The listing below contains a span that opens with the line containing "Briller mot reisesyke, intelligent" and closes with the line containing "Comprar A2108310958 Mercedes". Return that span exactly.

* [Supplied records]:
· · · · · · ·
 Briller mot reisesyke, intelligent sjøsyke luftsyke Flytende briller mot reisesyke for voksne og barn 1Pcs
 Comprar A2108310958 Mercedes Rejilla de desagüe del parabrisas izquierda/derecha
· · · · · · ·
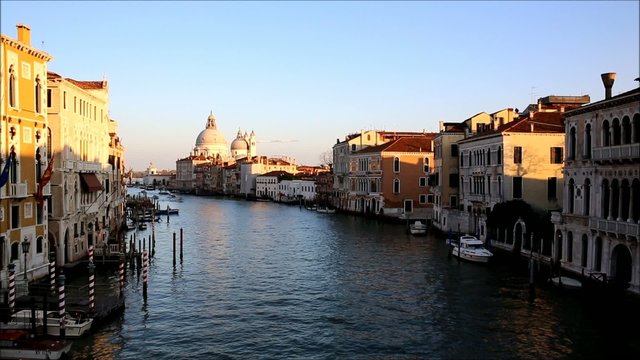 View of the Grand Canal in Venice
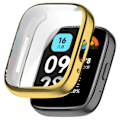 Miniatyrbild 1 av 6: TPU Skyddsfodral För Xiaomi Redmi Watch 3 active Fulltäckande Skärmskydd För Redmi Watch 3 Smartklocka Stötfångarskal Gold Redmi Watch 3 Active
· · · · · · ·
* [Result for this task]:
 Briller mot reisesyke, intelligent sjøsyke luftsyke Flytende briller mot reisesyke for voksne og barn 1Pcs
 Comprar A2108310958 Mercedes Rejilla de desagüe del parabrisas izquierda/derecha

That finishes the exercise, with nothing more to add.